The newly re-opened border crossing between Syria and Jordan will not only help to restore a key Middle East trade route but also move regional actors to restore relations with Damascus, experts told RT.

On Monday the main border crossing known as Jaber on the Jordanian side and Nassib on the Syrian side was operational again. Another Syrian border crossing that opened on the same day was the one with the Israeli-occupied Golan Heights.

Trade revival is expected to become the most visible immediate effect of the development, both in terms of bilateral business links between Syria and Jordan and a broader situation in the region. “This will open the door to more trade between Syria and Jordan, which would benefit people on both sides of the border,” Ammar Waqqaf, the director of Gnosos, a British think tank that focuses on crises in Syria and the Middle East, told.

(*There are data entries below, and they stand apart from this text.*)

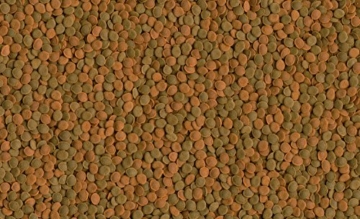 Tetra Wafer Mix - Fischfutter für alle Bodenfische (z.B. Welse) und Krebse, für gesundes Wachstum und eine bessere Widerstandskraft, 100 ml - 4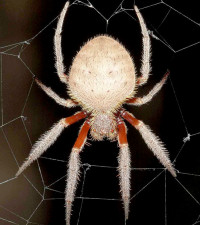 Eriophora transmarina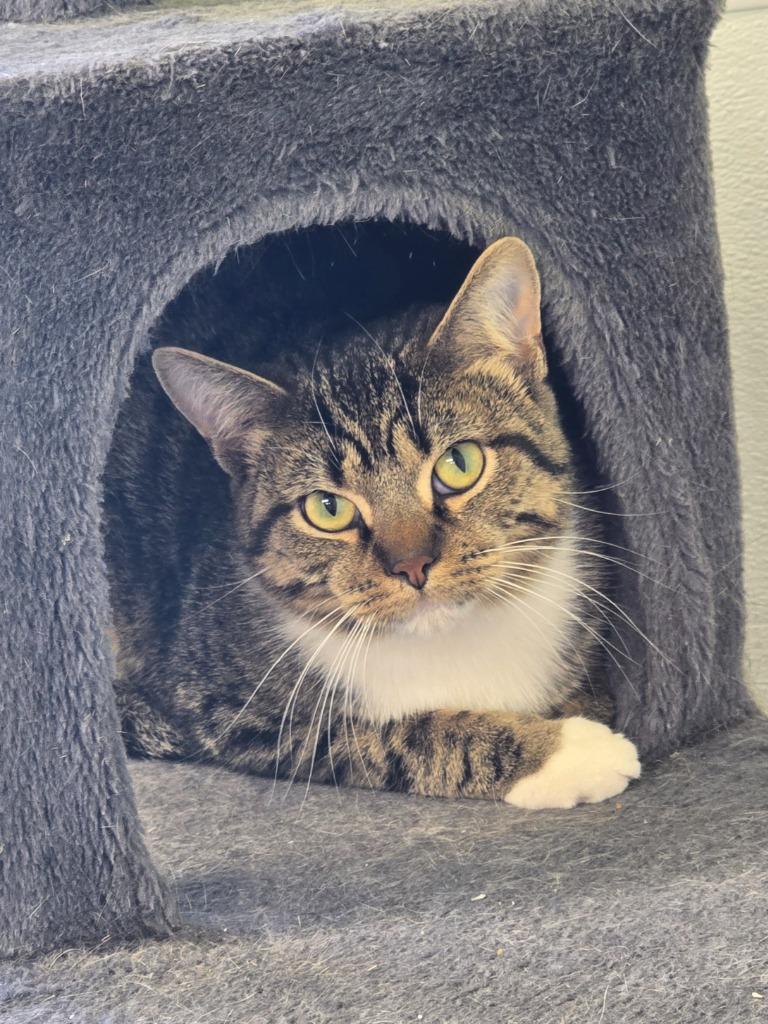 Uncle John, Adoptable, Young Male Domestic Short Hair.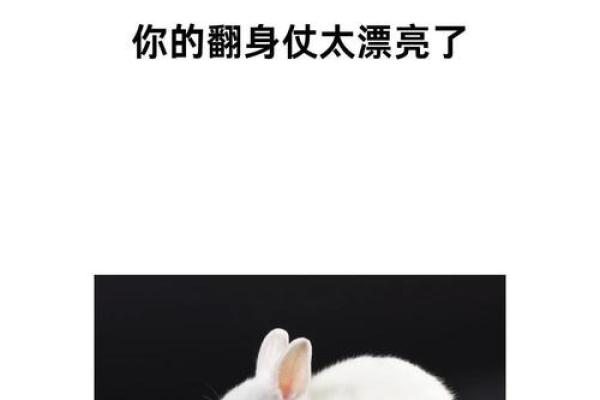 ‌露水夫妻猜一生肖 → 兔（兔情短暂，露水姻缘）‌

The road between Damascus and the Jordanian capital of Amman was once a major regional trading route linking the Mediterranean ports of Lebanon, Syria and Turkey to the markets of the Gulf States. Lebanon already praised the reopening of the border crossing as a chance to improve the national economy, which was also severely hit by the Syrian war.

Lebanon’s president, Michel Aoun, called the route between Damascus and Amman a “vital lifeline” for many Lebanese industries while complaining that Lebanon’s export to the Arab countries fell by 35 percent because of the closure of this transport corridor.

“It will … help Lebanon [to trade] with the likes of Jordan and the rest of the Arab peninsula,” Jamal Wakeem, a professor of history and international relations at Lebanese University in Beirut, told RT, adding that “it will also help Lebanon overcome certain economic difficulties” it faces since the start of the Syrian crisis because it mostly relies on Syria “as a transit country in trade.”

With its trade routes restored, Syria could regain its former status of one of the key elements of the Middle Eastern economy and trade, Wakeem added.